Here's a riddle: Name a country whose growth has averaged 10% over the last five years, whose consumer prices are up only 2.8% over the past 12 months, whose wholesale prices have declined 1.3%, whose currency has been stable against the dollar for more than seven years, and whose investment last year came to nearly 38% of GDP.
The answer is Thailand, and according to economist Lawrence A. Kudlow of Bear, Stearns & Co., its sound economic policies suggest that it will follow the fast track of its Asian Tiger neighbors. Kudlow points out, for example, that the government spends only 17% of GDP and consistently runs a budget surplus, which hit 2.5% of GDP last year.
As for taxes, capital gains on stocks are tax-free, and social security contributions, shared by workers and employers, are only 3% of wages. The top individual income-tax rate is 37% on incomes over $160,000, and the corporate tax rate is cut from 35% to 30% if a company is listed on the stock exchange.

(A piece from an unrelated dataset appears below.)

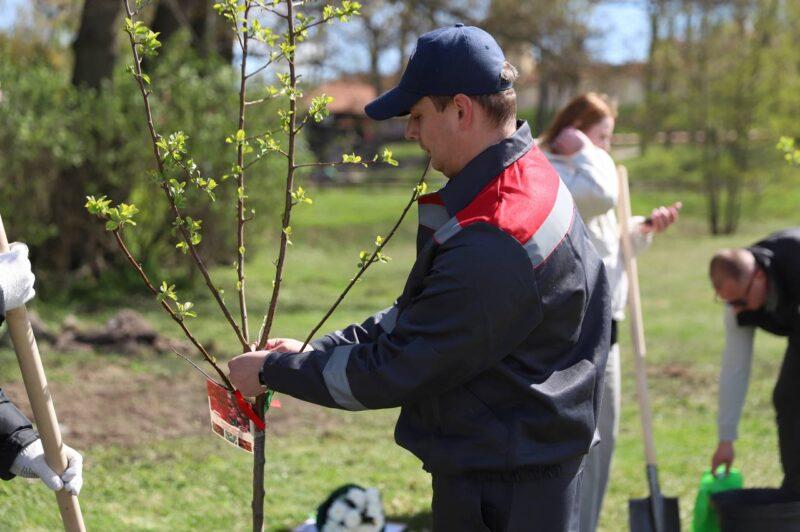 В Несвиже состоялась торжественная церемония открытия общественного пространства «Женщины ЖКХ — вместе»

Thailand has a big trade deficit, but Kudlow thinks its attractive investment climate will let it keep expanding fast without relying on an export-led policy that suppresses imports. "Low inflation, a strong, stable currency, an open financial system, and low tax rates will enable Thailand to follow the Hong Kong and Singapore fast-growth models of high investment rates and balanced expansion of imports and exports," he says.